Et sur le plan physiologique, quels atouts apporte l’haltérophilie?
- Pas de pratique sans placement du dos
- La vitesse modérée du mouvement est respectueuse des articulations (Pas d’accélérations importantes à cause de la charge, le système nerveux est sollicité au maximum, mais il n’y a pas de sollicitation rapide et brutale des articulations)
- La charge sur les articulations favorise la croissance des cartilages (loi de Sharpey)
- Les contraintes sur les os contribuent à les restructurer dans le sens d’un accroissement de leur résistance interne, ce qui contribue au « bien vieillir » en luttant notamment contre l’ostéoporose
- Renforcement de la fonction de fixation des muscles du dos;
- La fatigue amène rapidement à l’échec et prévient le surmenage pour qui sait écouter son corps
L’haltérophilie n’est donc pas plus dangereuse que d’autres gestes du CrossFit, mais à conditions d’être bien pratiquée et bien encadrée. Pour de nombreux athlètes CF, l’augmentation de la Force notamment sur les squats et tirages, est à l’origine de montées en charge et en volume à des charges de travail élevées sur un organisme trop peu habitué à ce type d’efforts et pour des individus mal préparés techniquement.

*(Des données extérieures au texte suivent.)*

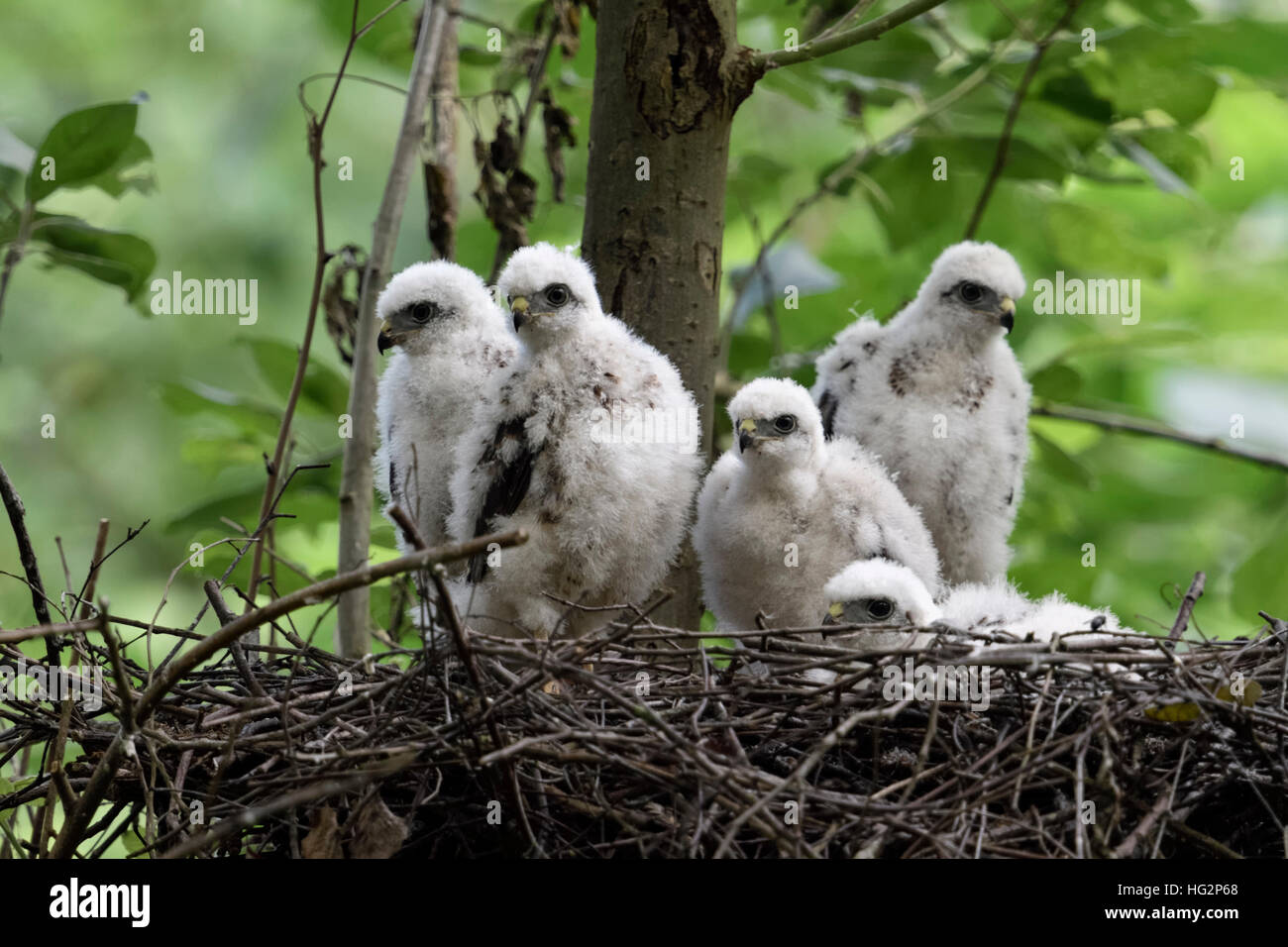 Sparviero ( Accipiter nisus ), giovani pulcini, seduti nei loro nido, nido d'aquila, speranzoso a guardare in attesa di cibo, la fauna selvatica, Germania. Foto Stock
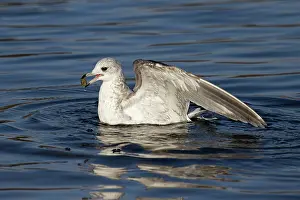 Western Europe Birds Prints: Common gull (Larus canus) bathing, Norwich, Norfolk, England, UK. January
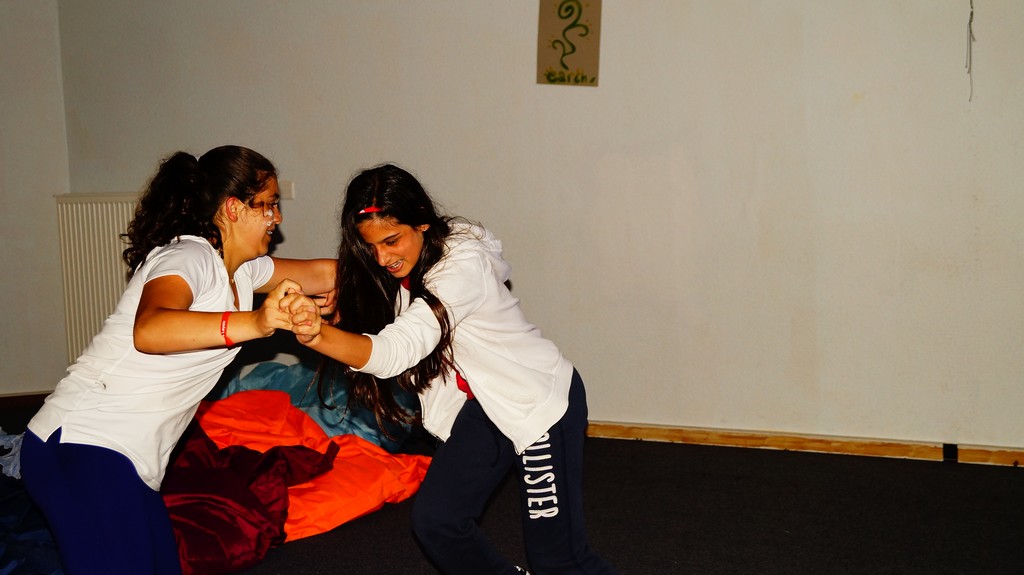 Village Camps International Summer Camp Leysin, Switzerland 2026-08-15 https://www.villagecamps.com/journals_admin/images/1597-6188-4 (13).jpg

Les PRs tombent régulièrement mais ne sont pourtant pas toujours en adéquation avec une amélioration de la technique d’exécution, ce qui abouti à terme à des blessures dues dans leur immense majorité à des défauts techniques et une pratique peu sécuritaire.
L’haltérophilie, comme les mouvements empreintés à son répertoire que l’on retrouve dans le CrossFit, est une pratique dite de « techniciens »; alors pensez à vos placements, à la bonne exécution gestuelle et surtout, maîtrisez l’ensemble des basiques avant de charger.
Pour aller plus loin
Plusieurs études scientifiques étudiant les blessures dans différentes disciplines sportives permettent de classer l’haltérophilie comme une pratique peu pourvoyeuse de blessures. Une étude publiée en 1999 par une équipe de chercheurs américains, réalisée sur des haltérophiles américains de haut niveau (suivi de 6 ans) révèle un taux de blessure de 3,3 blessures / 1000 heures d’entraînement. A noter que l’étude a également pris en compte les temps de compétition. Le temps d’arrêt d’entraînement après les blessures constatées était le plus fréquemment (pour 90,6% des blessures) inférieur à 1 jour.
A titre de comparaison, une discipline comme le ski présente des taux s’élevant à 167 blessures/1000 courses. Pour le football, les taux vont de 2,5 à 5,6 blessures/1000 heures d’entraînement, mais rien que pour les blessures localisées sur les ischio jambiers occasionnent des absences à l’entraînement allant au delà d’1 mois. Selon les études et panels pour le football, des taux allant jusqu’à 25,6 /1000h ont été relatés dans la littérature scientifique.